[BEAM-6995] Beam basic aggregation rule only when not windowed #9703

11moon11 · 2019-10-01T18:41:26Z

Beam basic aggregation rule should not be applied on Calc, Project, and Filter when their parents/they utilize windowed functions.

Thank you for your contribution! Follow this checklist to help us incorporate your contribution quickly and easily:

Choose reviewer(s) and mention them in a comment (R: @username).
Format the pull request title like [BEAM-XXX] Fixes bug in ApproximateQuantiles, where you replace BEAM-XXX with the appropriate JIRA issue, if applicable. This will automatically link the pull request to the issue.
If this contribution is large, please file an Apache Individual Contributor License Agreement.

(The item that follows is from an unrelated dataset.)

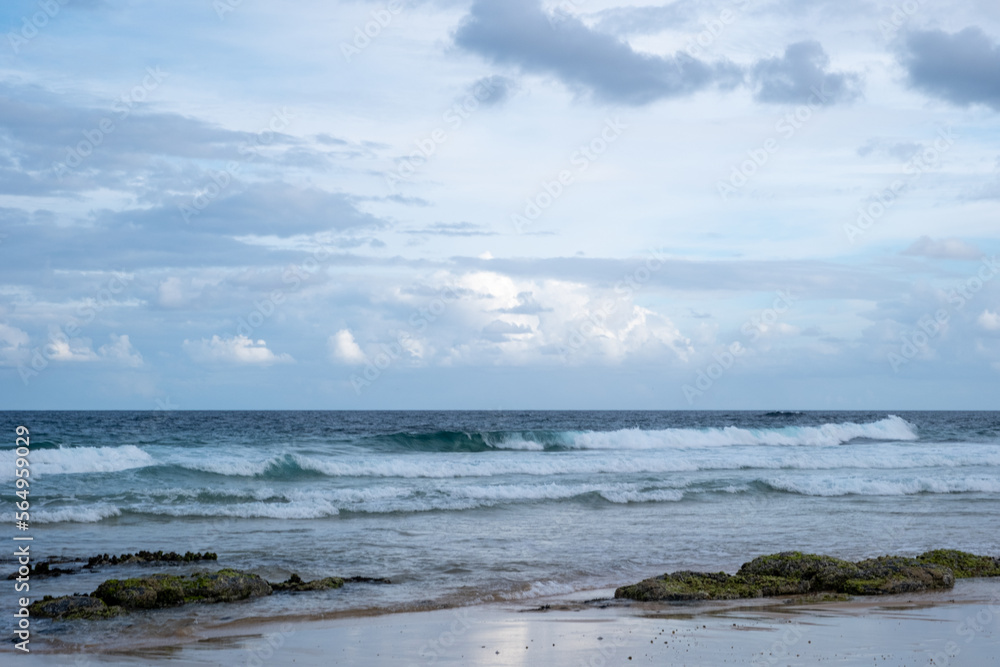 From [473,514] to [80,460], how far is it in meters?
17.3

Post-Commit Tests Status (on master branch)

Lang	SDK	Apex	Dataflow	Gearpump	Samza	Spark
Go		---	---	---	---
Java
Python		---		---	---
XLang	---	---	---	---	---	---

Pre-Commit Tests Status (on master branch)

---	Java	Python	Go	Website
Non-portable
Portable	---		---	---

See .test-infra/jenkins/README for trigger phrase, status and link of all Jenkins jobs.

11moon11 · 2019-10-01T18:43:11Z

R: @apilloud

apilloud · 2019-10-01T20:54:18Z

Run Direct Runner Nexmark Tests

apilloud

LGTM

apilloud · 2019-10-01T21:00:12Z

...sql/src/main/java/org/apache/beam/sdk/extensions/sql/impl/rule/BeamBasicAggregationRule.java

@@ -40,15 +50,21 @@

  public BeamBasicAggregationRule(
      Class<? extends Aggregate> aggregateClass, RelBuilderFactory relBuilderFactory) {
-    super(operand(aggregateClass, operand(TableScan.class, any())), relBuilderFactory, null);
+    super(operand(aggregateClass, operand(AbstractRelNode.class, any())), relBuilderFactory, null);


Looking at examples of this in Calcite, I think RelNode is preferable to AbstractRelNode.

You are correct, updated match condition to use RelNode instead.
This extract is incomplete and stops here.